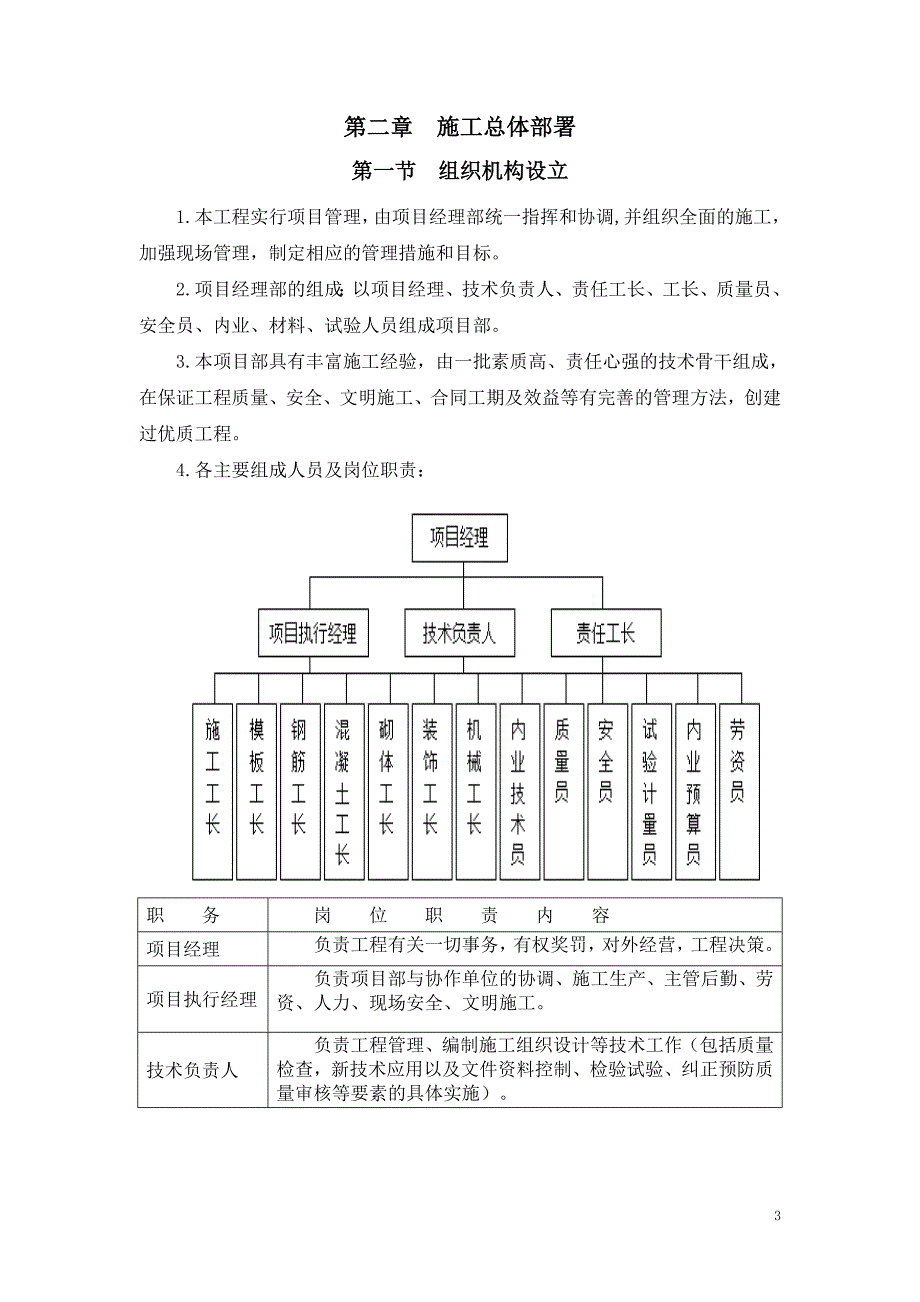 德阳恒大五金汽配城2#楼施工组织设计_第3页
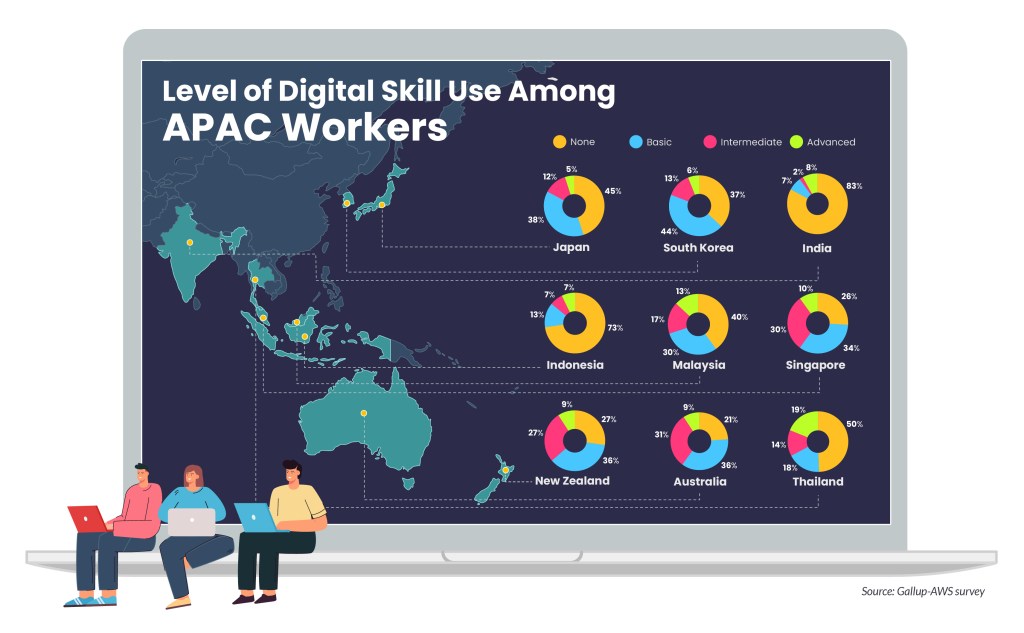 Digital Skills in India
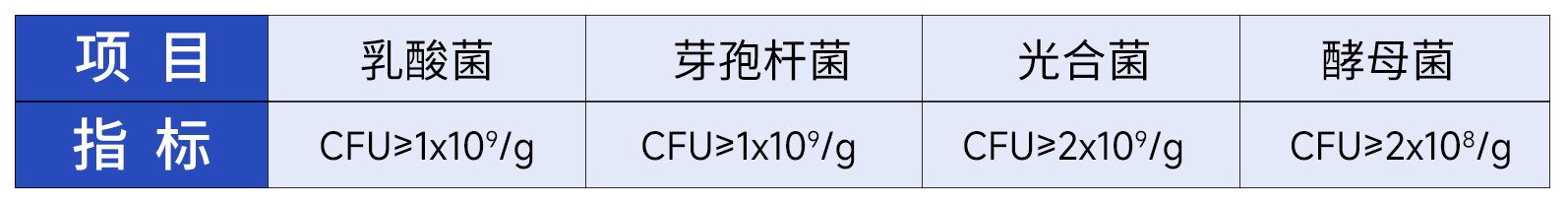 成分表格.jpg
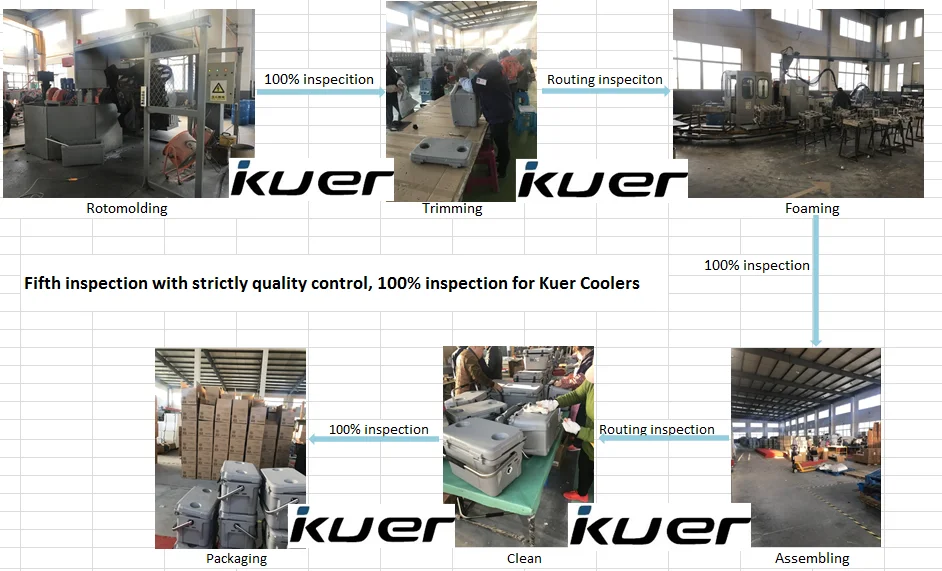 kuer rotomolded coolers .png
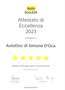 Alfa Romeo Giulia 2.2 all. QUADRIFOGLIO auto my19 Сірий - thumbnail 18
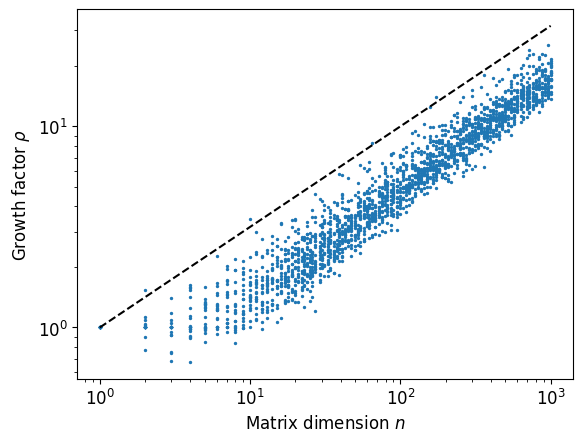 <Figure size 640x480 with 1 Axes>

____________________

Without including any picture, print every record exactly as written above.

EXERCISE RESPONSE:
 德阳恒大五金汽配城2#楼施工组织设计_第3页
 Digital Skills in India
 成分表格.jpg
 kuer rotomolded coolers .png
 Alfa Romeo Giulia 2.2 all. QUADRIFOGLIO auto my19 Сірий - thumbnail 18
 <Figure size 640x480 with 1 Axes>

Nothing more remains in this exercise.